Coconut skim milk, you may not have known, has been found to be a one-on-one equal to fresh cow’s milk in its nutrient composition, with the added superiority of being lactose-free: a boon for many lactose intolerant populations like the Philippines itself! How many billions of pesos would we save if we used this instead of expensively imported cow’s milk!

In sum, coconut oil is premium oil. It has no perfect substitute. The closest substitute is palm kernel oil (10% of palm oil).

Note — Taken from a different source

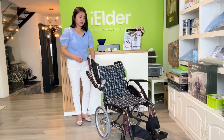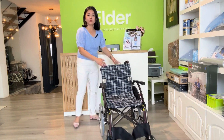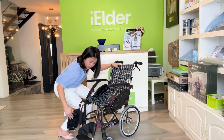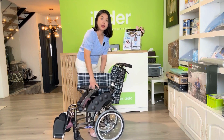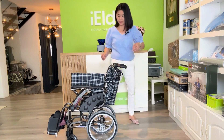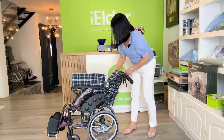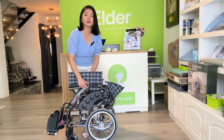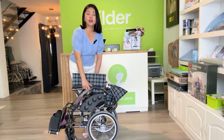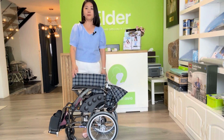Coming to portability, let me fold the wheelchair. It's very easy to fold — just press here — and it's very compact. I push the backrest down, and it is very lightweight at about 12 kg, making it easy for you to put into the car boot and travel to many places.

Little appreciation of natural gift

However, we Filipinos hardly use our coconuts.  Eighty percent of Philippine coconut products are sold abroad. Rotterdam in Europe dictates prices to Philippine oil millers who in turn dictate prices to copra traders who finally get the millions of small coconut farmers to do nothing with the coconut but make copra and surrender it at volatile prices to the traders who double in the role of paternalistic cash-advance-givers, generally speaking.

This copra-based structure of the coconut industry that we have known for ages ensures that the oil naturally gifted to us slips from our hands to be controlled by others. It may, only for a while more, continue to bring in to our country huge amounts of money per annum but coconut farmers have now correctly concluded that there’s very little money in it for them.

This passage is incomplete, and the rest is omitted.